TASK BRIEF -
Reproduce the listing that follows in full. Omit its images.

INPUT -
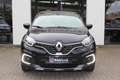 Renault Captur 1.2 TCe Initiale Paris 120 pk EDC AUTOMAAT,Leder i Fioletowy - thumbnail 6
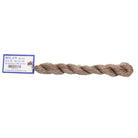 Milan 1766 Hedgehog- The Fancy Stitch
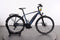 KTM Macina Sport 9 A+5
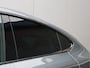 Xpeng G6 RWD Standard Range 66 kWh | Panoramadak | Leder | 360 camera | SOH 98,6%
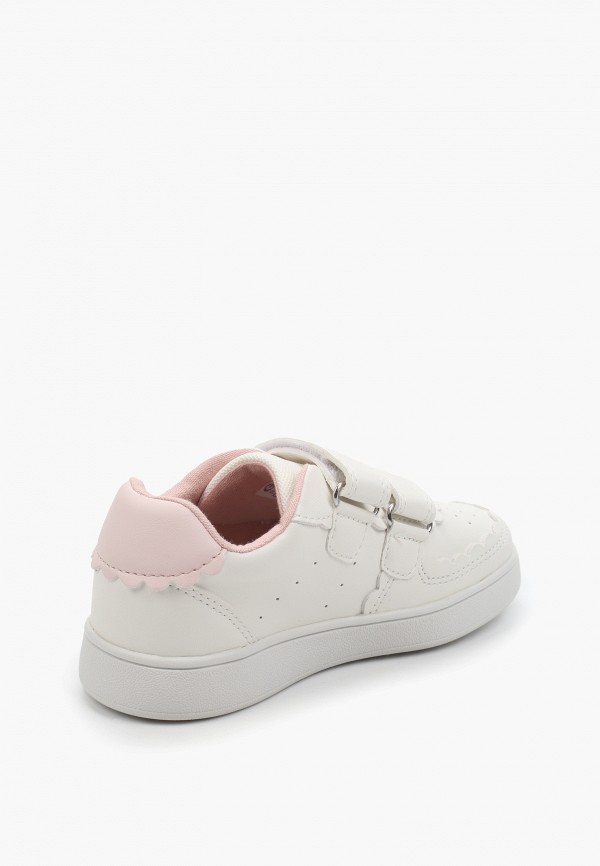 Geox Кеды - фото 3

EXERCISE OUTPUT -
 Renault Captur 1.2 TCe Initiale Paris 120 pk EDC AUTOMAAT,Leder i Fioletowy - thumbnail 6
 Milan 1766 Hedgehog- The Fancy Stitch
 KTM Macina Sport 9 A+5
 Xpeng G6 RWD Standard Range 66 kWh | Panoramadak | Leder | 360 camera | SOH 98,6%
 Geox Кеды - фото 3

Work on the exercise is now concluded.